Hacker News new | ask | show | jobs
by jokoon 3475 days ago
I'm still curious to know what are the "Internet Economic Impact".

This article was written before the net bubble.

So far all I see in the economics of internet is netflix replacing DVDs, twitter/facebook/online presence (which is advertising, which means little to me), and... that's it. Other domains like online gaming are not that great in term of economic impact.

Amazon is closing book and movie stores.

I can see that the internet changed many things, but was it improvement? I don't know. When you account music and movie piracy, credit card fraud, scammers, online security, it doesn't seem so great.

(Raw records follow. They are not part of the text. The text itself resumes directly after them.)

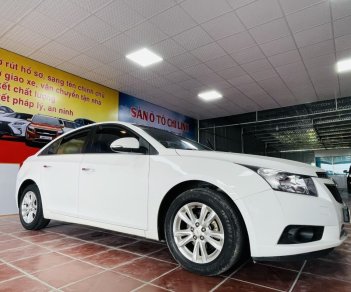 Chevrolet Cruze 2015 - Xe màu trắng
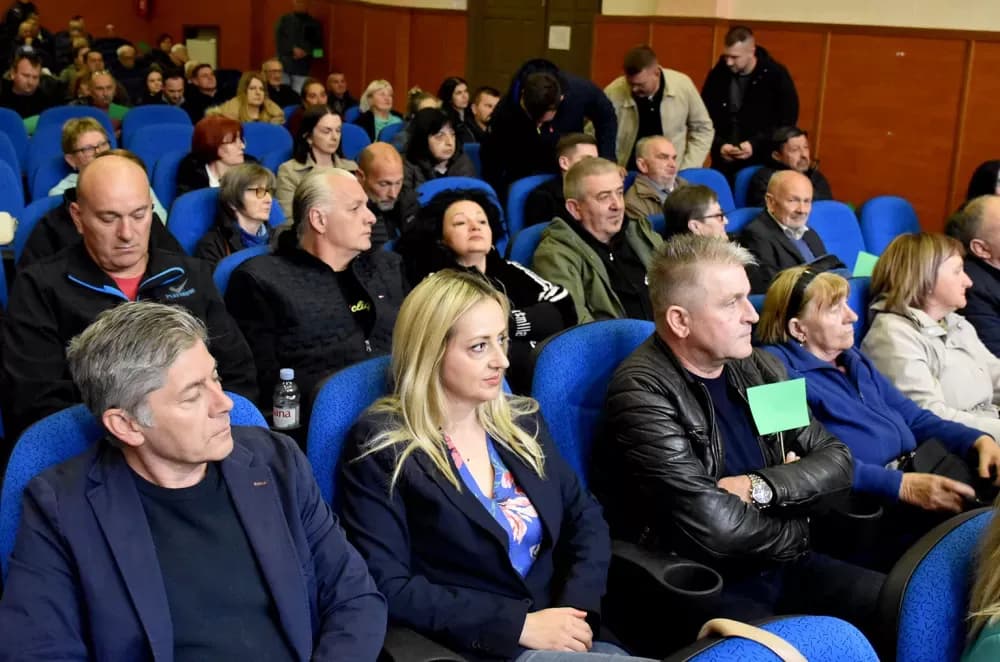 OSNOVANA UDRUGA „EKO KUTJEVO“: Školski primjer građanske inicijative uz prepunu dvoranu i zelene zastavice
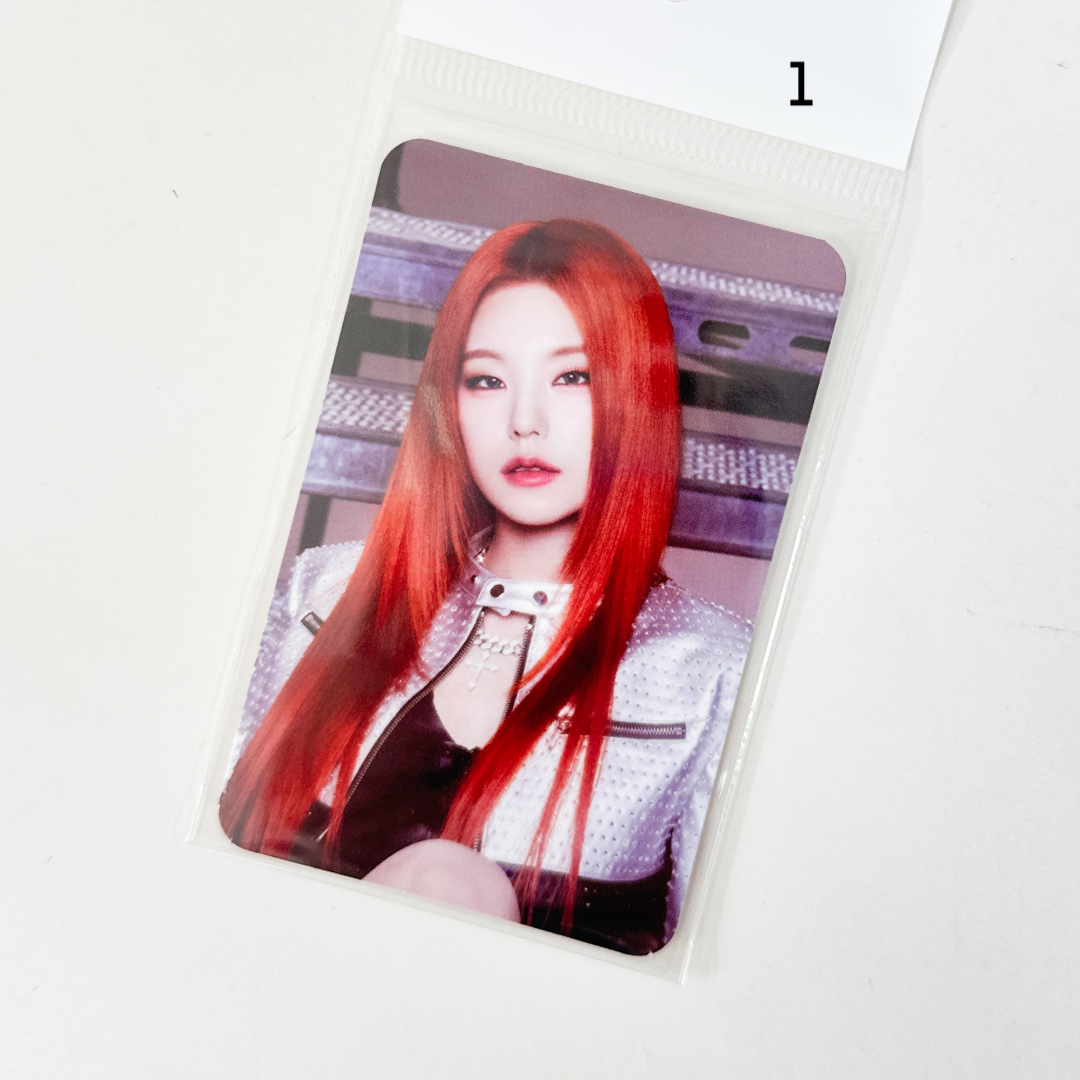 ITZY OFFICIAL PHOTOCARD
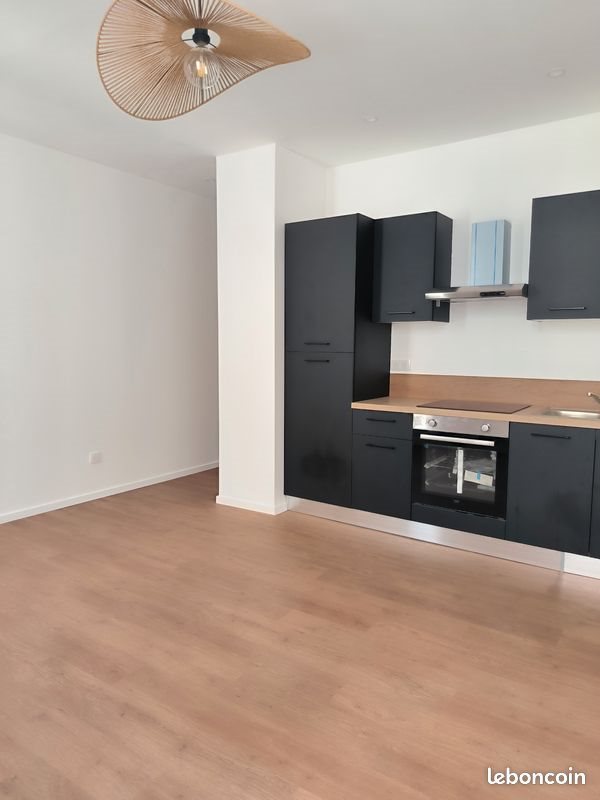 Appartement à louer, 39m², Callas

The only improvements I can see is porn (being able to channel your sexuality) and dating websites (more people being able to risk a little more to find somebody).

2 comments

  This article was written before the net bubble.
I think it was in fact written during the big bubble, although my memory may be a bit off. I do remember distinctly having read (and chuckled at) an article by a supposedly serious economist who said something along these lines, but I absolutely do not remember if it was the same article. And the same economist. Krugman's name did not ring a bell for me then.
You are correct. 1998 is the year of Pets.com and many other internet bubble ventures. Which led to a surge in CS enrollment from ~1999-2005 which really, really sucked for those of us that actually wanted to study CS and weren't in it "for the money". The professional/academic feedback loop also managed to catch me when I tried going to graduate school (again, actually interested in it) and found myself surrounded by people who were in grad school to ride out the (then) downturn in the internet-based business sector (circa 2006). Enrollment numbers were sky high in grad programs so competition for advisors and TA positions was much harder than normal. Very frustrating times.
Go talk to your cable provider or local newspaper about how the internet hasn't had much economic impact.